Review published in the Dominion Post, 18 June 2005Festival of MiraclesAlice Tawhai(Huia Publishers, $29.99)Reviewed by Philippa JamiesonExpect to hear more from Alice Tawhai. This collection of 25 stories is her first book, and establishes her as a writer with an unmistakable talent for short fiction. She sets up a whole scenario, gets inside the heads of her characters and shows their worlds in just a few pages, with plenty of lines to read between, and things to ponder afterwards.There are celebrations here, and circuses, trips to the zoo and nights out at the pub.
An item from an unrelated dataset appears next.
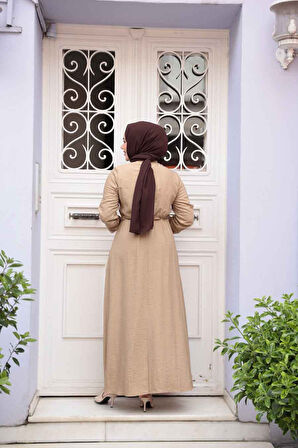Düğmeli Bisküvi Tesettür Elbise 17131BS
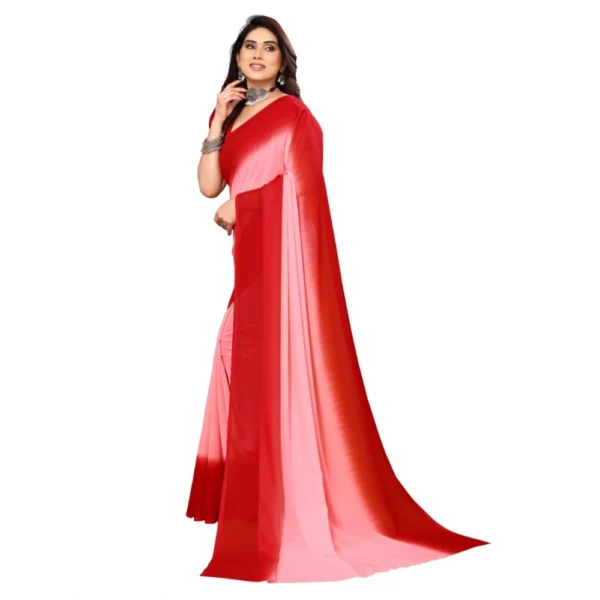 Women's Georgette Printed Saree With Unstitched Blouse (Red, 5-6 Mtrs)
And there are miracles: the magic taro that cures baby Vaaka, the patuparehe at the marae, a mermaid, and communications with extra-terrestrials.The characters inhabiting these stories are a veritable United Nations of Aotearoa: many are Maori, but there are also Chinese, Pakeha, Pacific Islanders, Lebanese, Italian and Japanese, living in a whole lot of different places in New Zealand.Tawhai is particularly adept at seeing things through the eyes of children, with a combination of innocence, acceptance, and make-believe. Dawnie captures with exquisite agony the awkwardness of a pubescent girl.

In Perfect Things, three children discover a dead body, floating beautiful and serene in a pool, but this perfect image is shattered when adults come on the scene. Precious Alice describes a co-dependent, destructive friendship between a fat girl and the beautiful but cruel Alice.The characters are real people, looking for magic in their lives, or dreaming or remembering it. But there are a fair few broken spells and disappointments.Pale Flower introduces us to Sal, who gets into his Maoritanga, goes to te reo classes and becomes Herewini, but cant stop his missus going off with a Pakeha bloke.

Of course, it doesnt help that he goes on the booze and beats her up. Tawhai is a mistress of understatement, using ordinary words to convey the main themes with subtlety:But Sal did things that got to me too. Where have you been? Id ask him. I went to a land hui last night, hed say. And today we just kicked back and discussed the issues. That meant hes been drinking. No wonder I always had to move back home… I stayed lying on the kitchen floor, and that was the end of that go with Sal.The power of this writing comes from the spaces between the words, made all the more poignant by the simple style, and leavened with a measure of whimsy.